#### STORED DATA

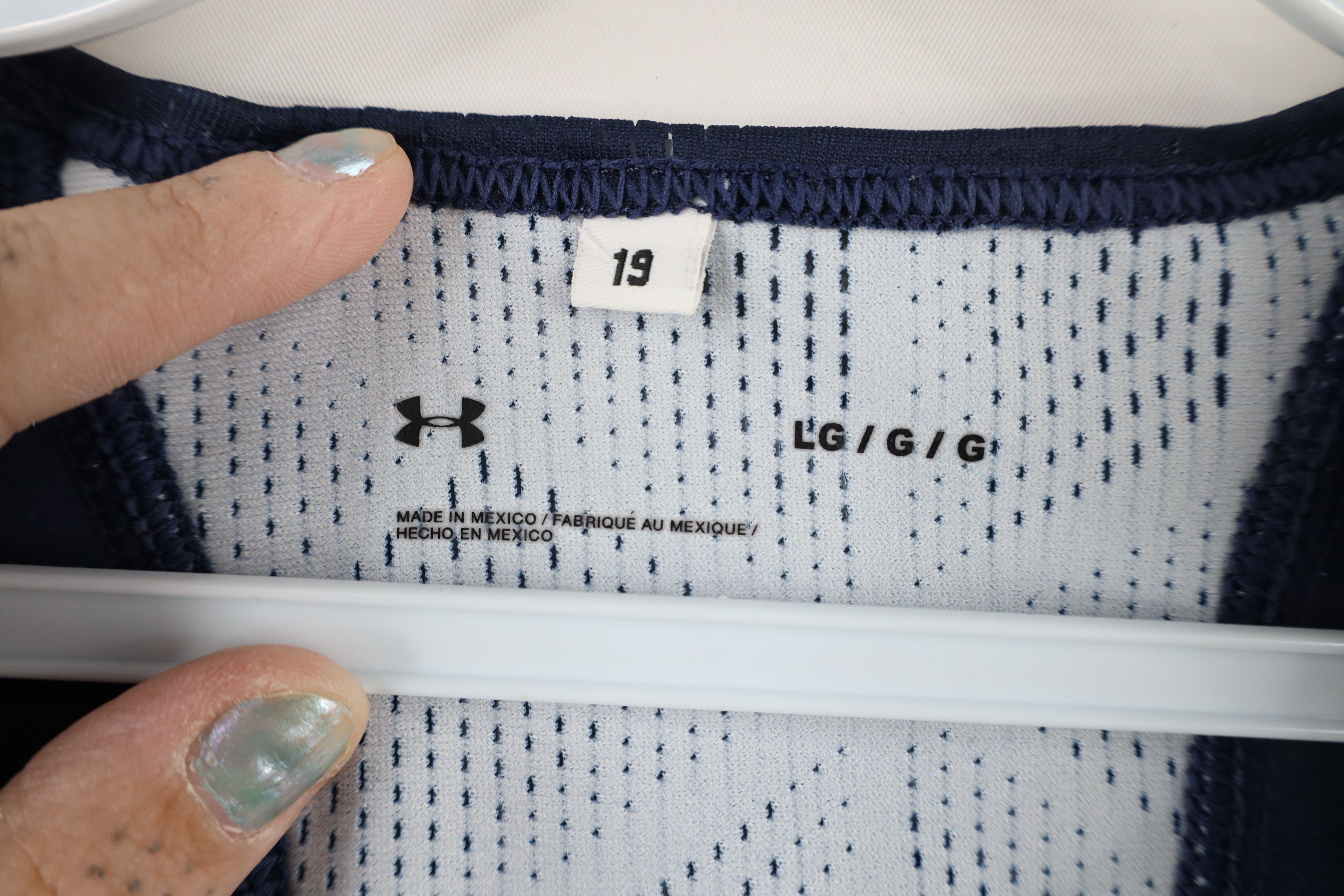 Under Armour × Vintage New Under Armour University Track & Field Jersey Shirt Size US L / EU 52-54 / 3 - 7 Thumbnail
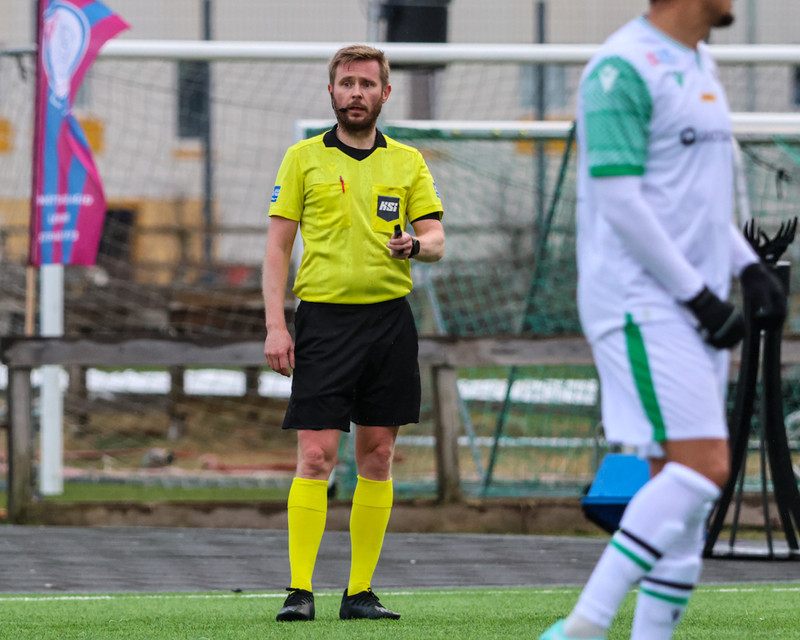 Sveinn Arnarsson, fjórði dómari leiksins, var vel staðsettur.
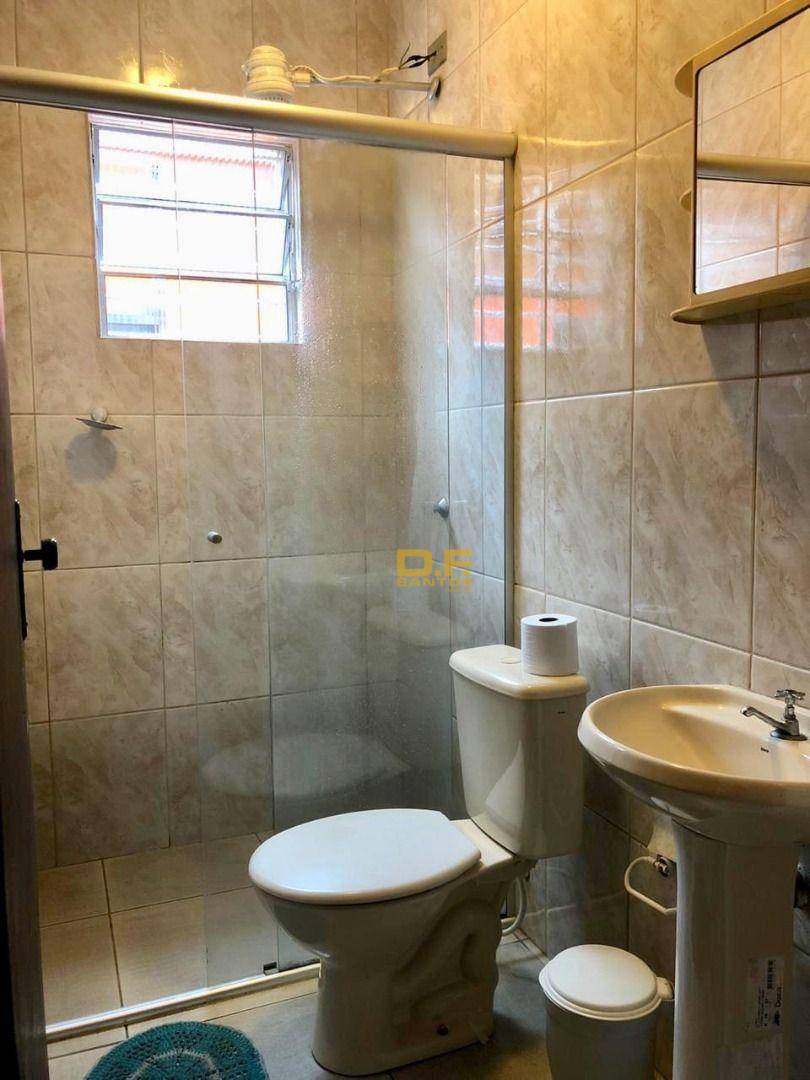 Sobrado à venda com 4 quartos, 1m² - Foto 2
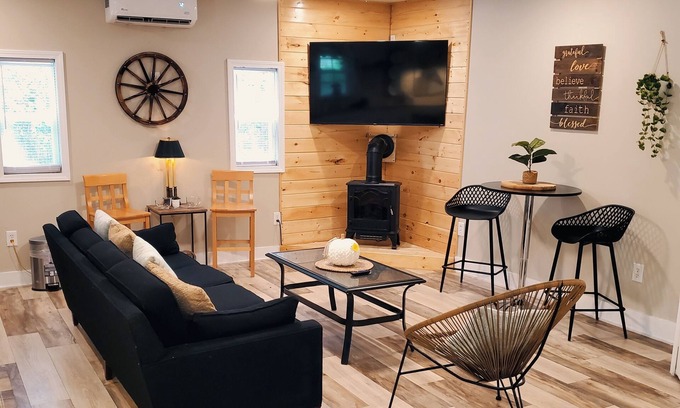 Comfort Apartamento | Tiny house (studio) and camper in campsite, accommodates 6 people total!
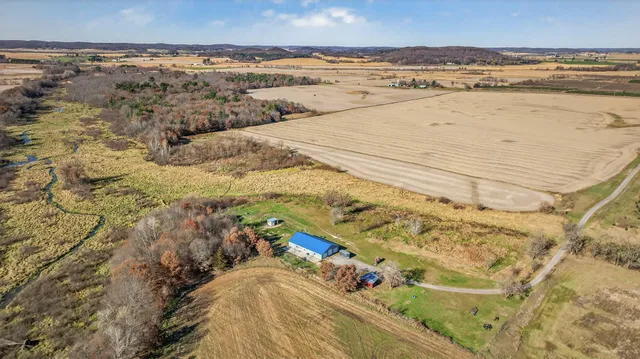 $399,000 | W12499 West Alma Road, Hixton, WI 54611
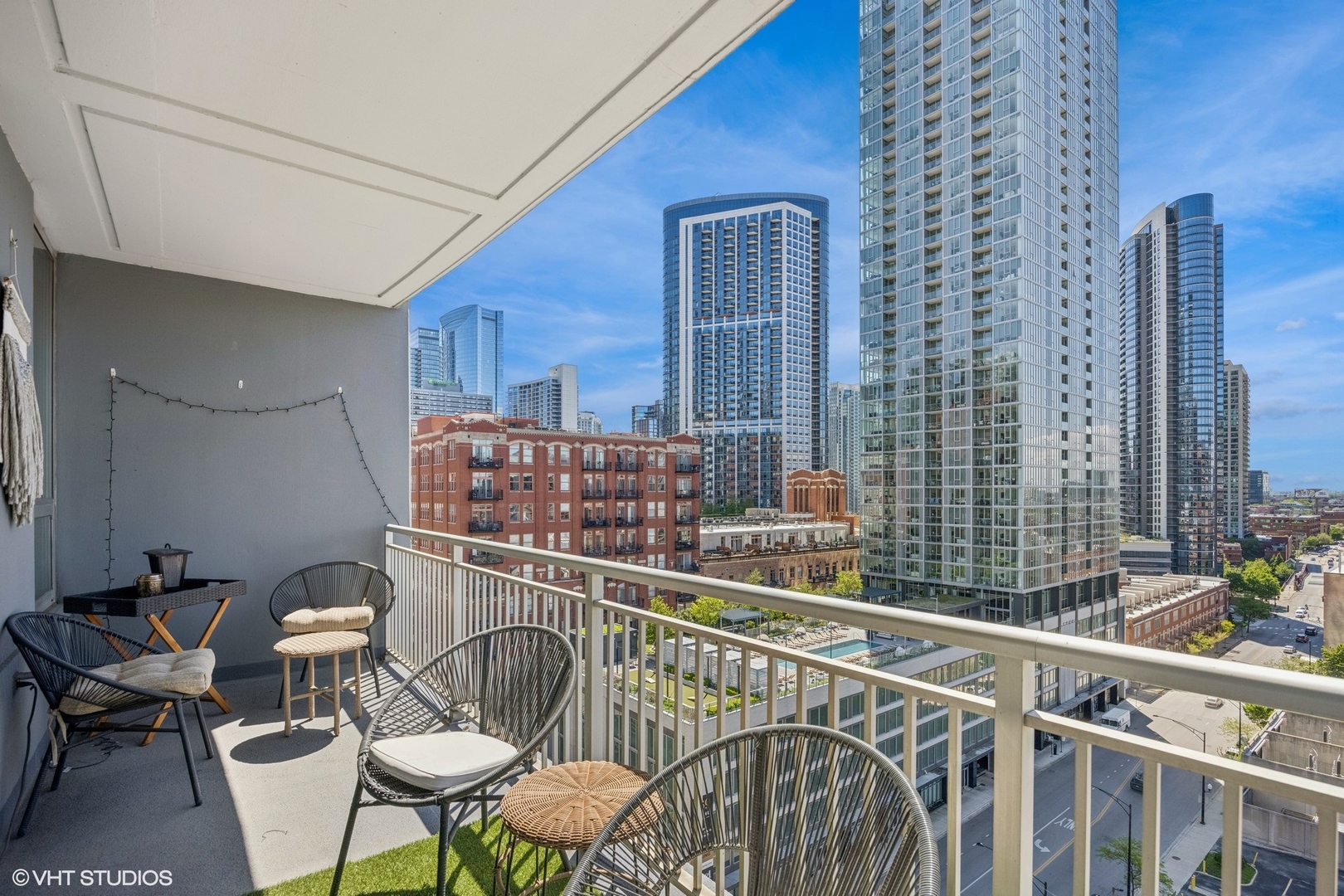 330 W GRAND Avenue Unit: 1303
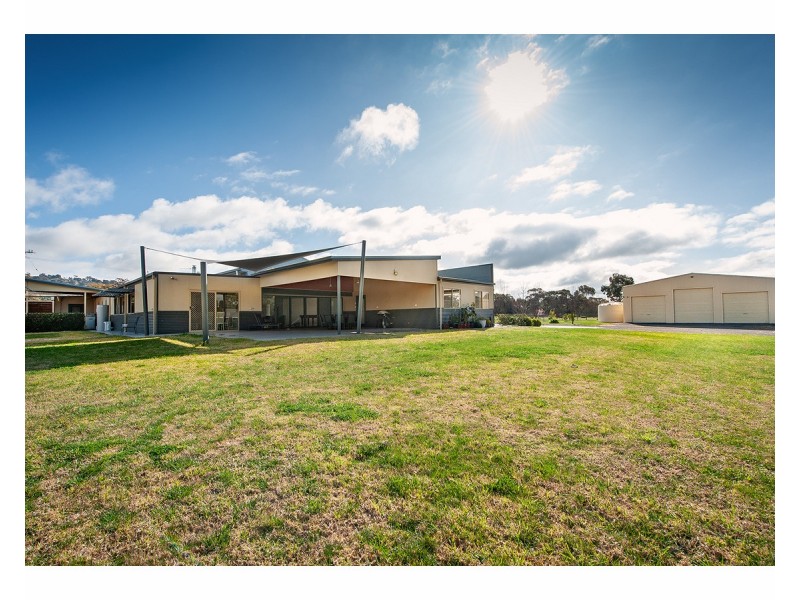 634 Gerogery Road, Table Top NSW 2640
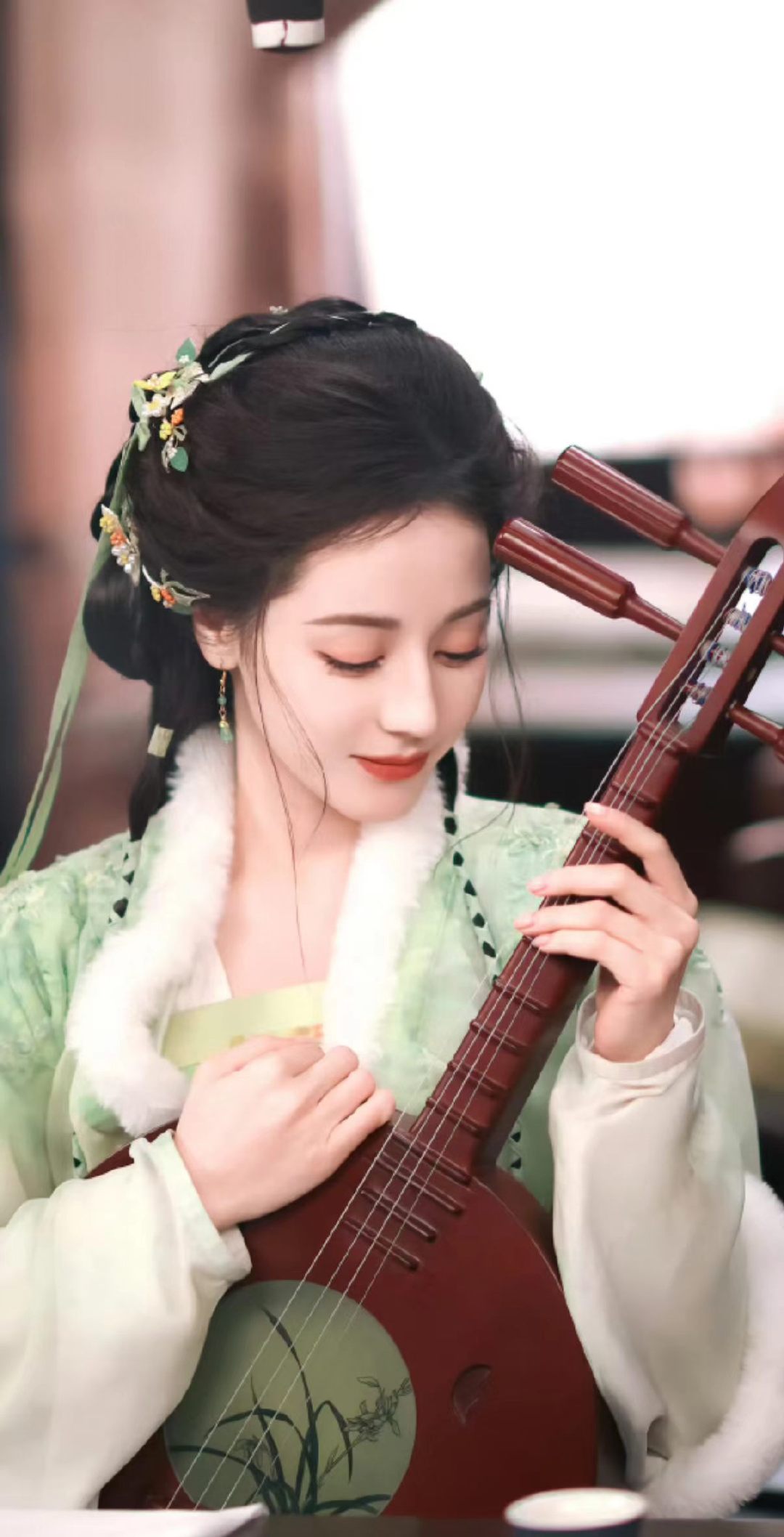 谁还没被白日提灯海外战绩震撼到 海外热度稳爆，好评源源不断，热巴红衣白发深入人心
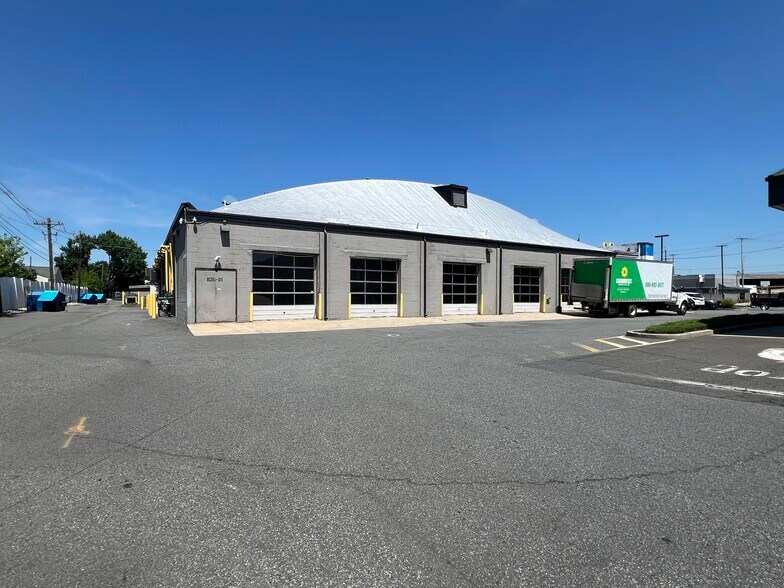 More Photos Of 833-835 Roosevelt Ave, Carteret Storefront For Lease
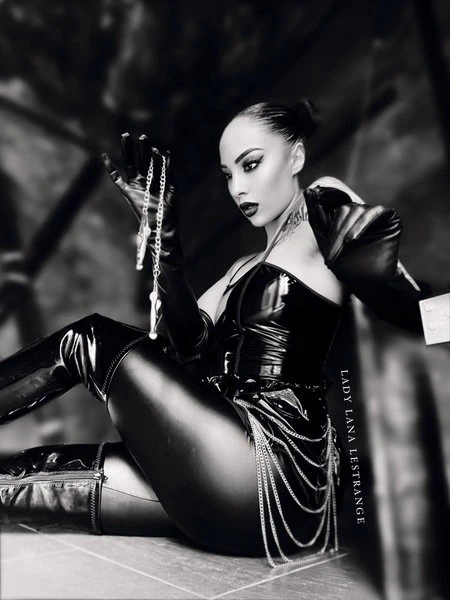 Domina Lady Lestrange — 3 / 10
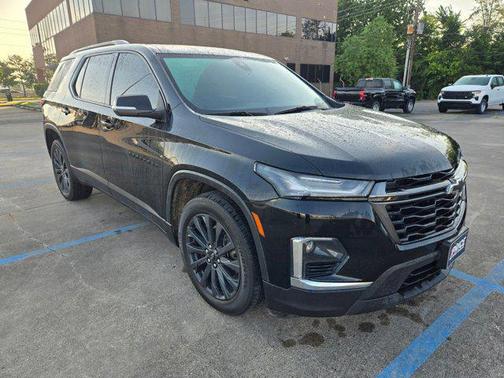 Mosaic Black Metallic 2023 Chevrolet Traverse RS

#### TASK DESCRIPTION
There should be an exact restatement of the lines from the line with "Sobrado à venda com 4 quartos, 1m² - Foto 2" through the last line of the entries above, and no pictures in it.

#### SOLUTION TO THIS TASK
 Sobrado à venda com 4 quartos, 1m² - Foto 2
 Comfort Apartamento | Tiny house (studio) and camper in campsite, accommodates 6 people total!
 $399,000 | W12499 West Alma Road, Hixton, WI 54611
 330 W GRAND Avenue Unit: 1303
 634 Gerogery Road, Table Top NSW 2640
 谁还没被白日提灯海外战绩震撼到 海外热度稳爆，好评源源不断，热巴红衣白发深入人心
 More Photos Of 833-835 Roosevelt Ave, Carteret Storefront For Lease
 Domina Lady Lestrange — 3 / 10
 Mosaic Black Metallic 2023 Chevrolet Traverse RS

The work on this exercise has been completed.